Supplies fell 2.81 million barrels to 344.5 million last week, the Energy Department said today. Stockpiles were forecast to drop 2.1 million barrels, according to analysts surveyed by Bloomberg News. Refineries operated at 87.9 percent of capacity, the most since August. Oil also climbed as a global equity rally raised optimism that the economy will strengthen.
“The major reason for today’s rise is the correlation between equities and oil,” said Bill O’Grady, the chief markets strategist at St. Louis-based Confluence Investment Management LLC, an investment advisory company. “The drop in crude-oil stocks was a little bigger than forecast. Earnings are better than expected and that’s pushing up stocks and oil.”
Crude oil for August delivery rose 89 cents, or 1.5 percent, to $60.41 a barrel at 10:54 a.m. on the New York Mercantile Exchange. Futures traded at $60.81 a barrel before the release of the report at 10:30 a.m. in Washington.
Gasoline inventories climbed 1.44 million barrels to 214.6 million, the highest since April, the report showed. Supplies were forecast to increase 875,000 barrels, according to the median of 14 estimates by analysts in the Bloomberg News survey.

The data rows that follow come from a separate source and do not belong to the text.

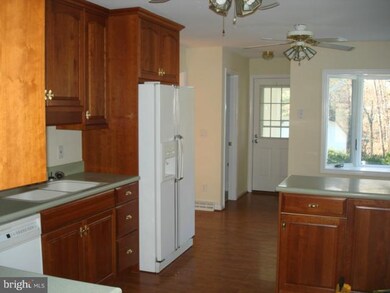 45611 Legerton Ln, Lexington Park, MD 20653 - photo 2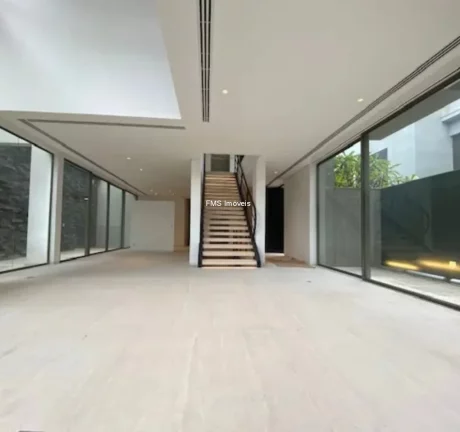 Imagem Casa de luxo no Planalto Paulista: 3 quartos, 3 suítes, 4 salas, 5 banheiros, 5 vagas, 636 m² - Venda ou Locação em SP
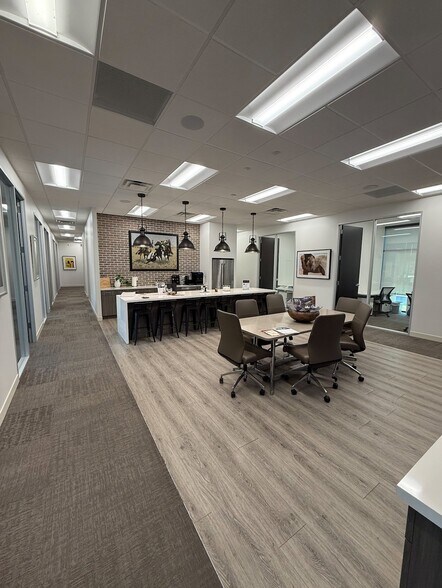 More Photos Of 400 Shops Blvd, Willow Park Medical For Lease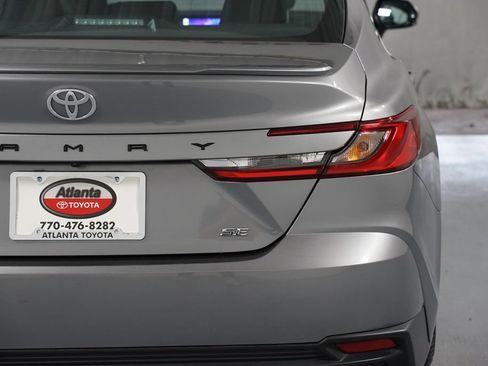 Used 2025 Toyota Camry SE FWD image 10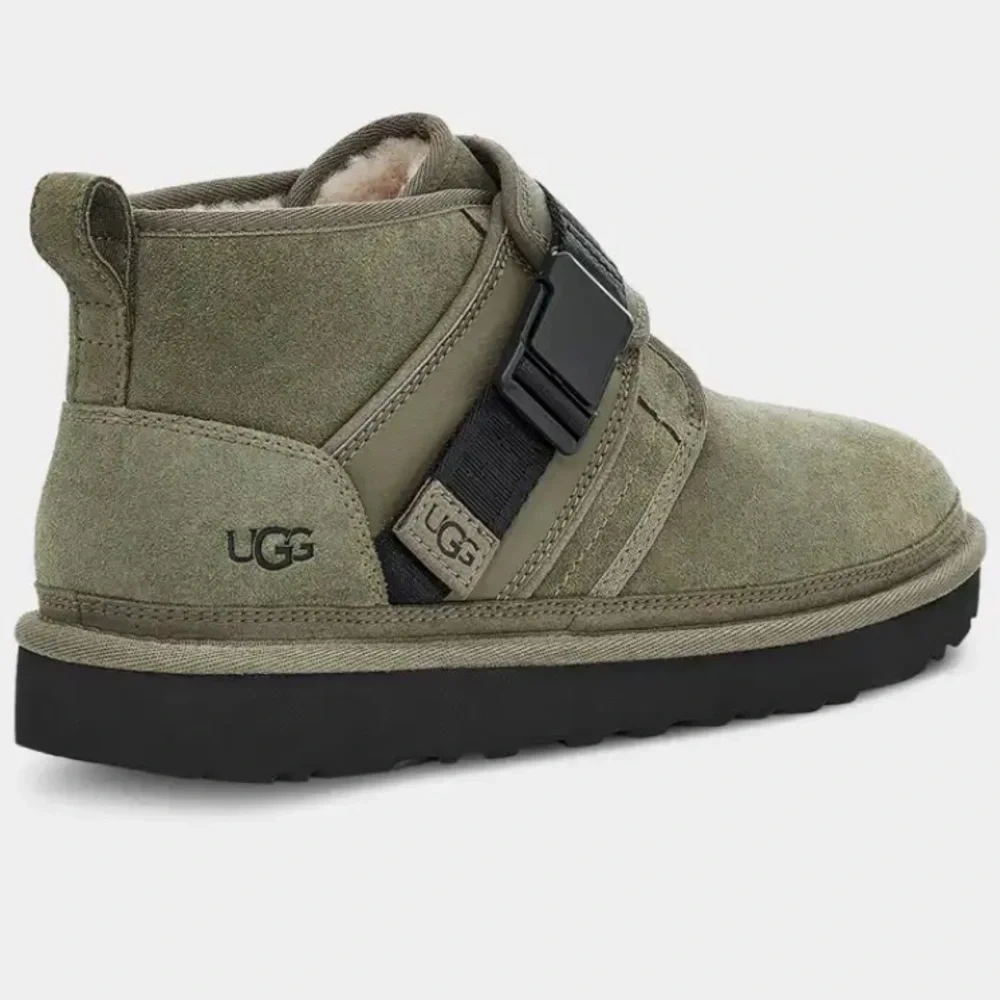 UGG Neumel SnapBack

Industrial production in the U.S. fell in June at the slowest pace in eight months, adding to signs the worst of the recession is over.
Factory Output
The 0.4 percent decrease in output at factories, mines and utilities was smaller than forecast and followed a revised 1.2 percent drop in May, Federal Reserve figures showed today in Washington. Production was forecast to fall 0.6 percent after a previously reported 1.1 percent drop in May, according to the median estimate of 73 economists surveyed by Bloomberg News.
Other reports today showed manufacturing in the New York region shrank this month at the slowest pace in more than a year and the cost of living rose more than forecast in June.
Nigeria’s main rebel group threatened to call off a 60-day cease-fire announced overnight following reports that the military is planning to raid one of its camps in the oil-rich Niger Delta region.
The cease-fire will be suspended “with immediate effect” should reports of an attack prove true, Jomo Gbomo, a spokesman for the Movement for the Emancipation of the Niger Delta, said in an e-mailed statement today.
Attacks on facilities in the delta region, home to Nigeria’s oil industry, have cut more than 20 percent of the nation’s oil exports since 2006.